Interestingly, the musical score, despite its colossal innovation, required relatively little rewriting with the exception of the exceptional BEING ALIVE and the breathtaking tour de farce GETTING MARRIED TODAY sung by the character Amy which, as the originally titled THE WEDDING IS OFF, was rejected by Sondheim himself when he could not fix the lyrics to his satisfaction and then, as GETTING MARRIED TODAY, was constantly reworked in rehearsal before the punning and punishing tongue-twisting text could be comfortably and convincingly performed.  

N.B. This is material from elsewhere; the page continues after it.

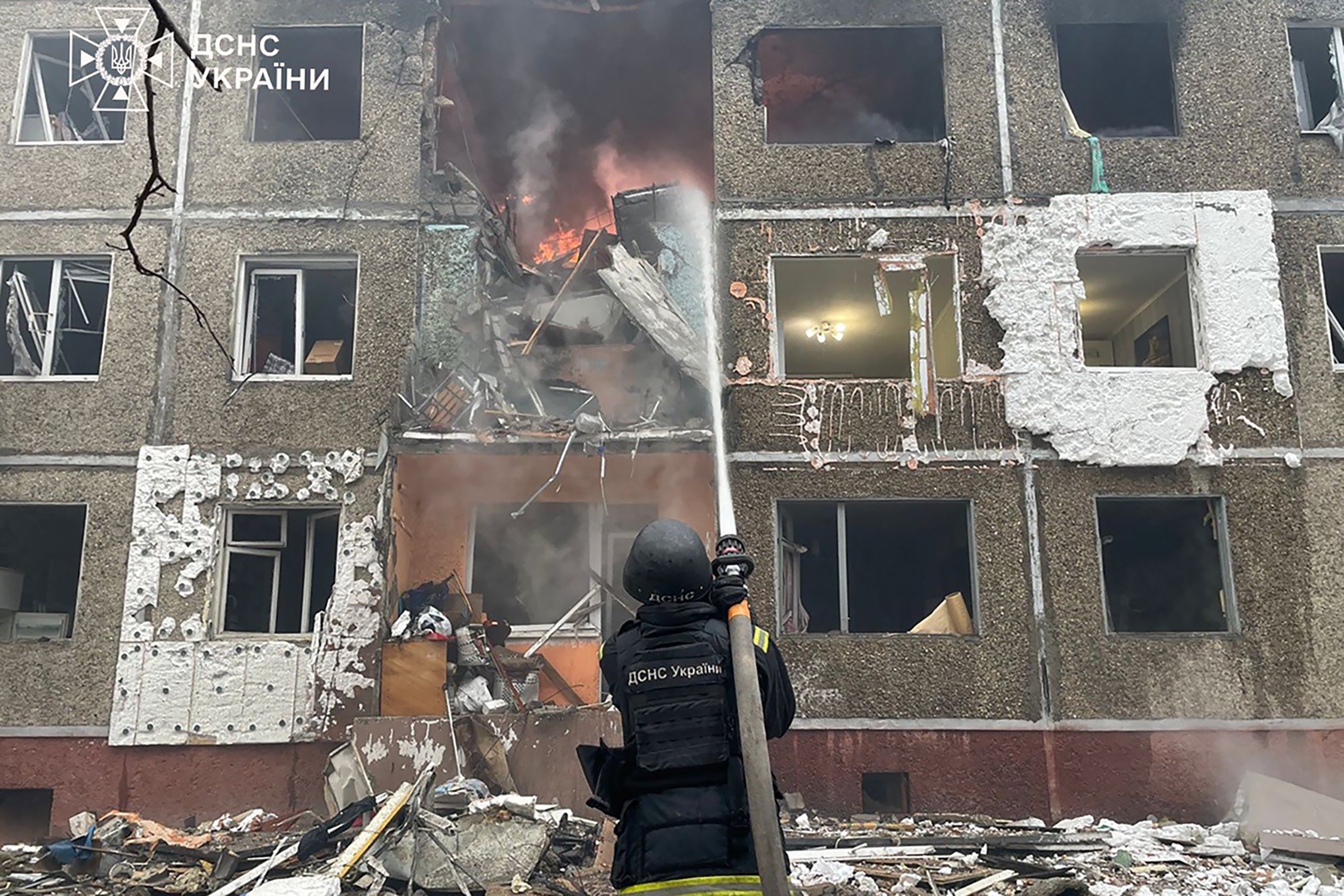 A Ukrainian rescuer extinguishes a fire at a damaged residential building following a drone strike in Chernihiv, amid the Russian invasion of Ukraine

As to BEING ALIVE, it was to be the end-of-the-show summing-up song sung by the main character, Robert, who, while throughout the piece had remained implacably incapable of personal commitment, had now begun to realize that

“...alone is alone, not alive,”

and that he needs:

“Someone to hold you too close,
Someone to hurt you too deep,
Someone to sit in your chair,
To ruin your sleep,
To make you aware
Of being alive,”

and further,

“Someone you have to let in,
Someone whose feelings you spare,
Someone who like it or not,
Will want you to share
A little a lot,
Is being alive,
Being alive.”

The first song, however, written and then discarded for the Company Finale was titled MULTITUDES OF AMYS for a scene where Robert actually proposes marriage to the Amy character and includes these sublime Sondheim lyrics:

“Multitudes of Amys
Crowd the streets below.
Avenues of Amys,
Officefuls of Amys
Ev’rywhere I go.
Wonder what it means,
Ho-ho,
I wonder what it means.
I see them waiting for the lights,
Running for the bus,
Milling in the stores
And hailing cabs
And disappearing
through revolving doors.
Multitudes of Amys,
Ev’rywhere I look.
Sentences of Amys,
Paragraphs of Amys,
Filling ev’ry book.
Wonder if it means
I’ve gone to pieces.
Ev’ry other word
I speak
is something she says.
Walls hang with pictures of Amys,
Galaxies of Amys
dot the night skies,
Girls pass and look at me
with Amy’s eyes.
I’ve seen an audience of Amys
Watch a cast of Amys
act in a play,
Seems there are more of her
ev’ry day.
What can it mean?
What can it mean?
I’ve caught a stadium of Amys
Standing up to cheer,
Choruses of Amys,
Symphonies of Amys
Ringing in my ear.
I know what it means,
Hey, Amy,
I know what it means.
Oh, wow!
I’m ready,
I’m ready,
I’m ready now!"

Sondheim described what then transpired with MULTITUDES OF AMYS in pre-production:

 “(This was) the earliest of four attempts both to communicate the still evolving self-awareness of the central character (Robert) and be a satisfying culmination of Act Two.  However, (book writer) George Furth transferred the situation in which it was to be sung - Robert’s proposal to Amy - to Act One and the song had to be replaced.  ‘Marry Me a Little’ and, subsequently, ‘Happily Ever After’ were written and then cut before I wrote ‘Being Alive’ to fulfill that moment in the show.)”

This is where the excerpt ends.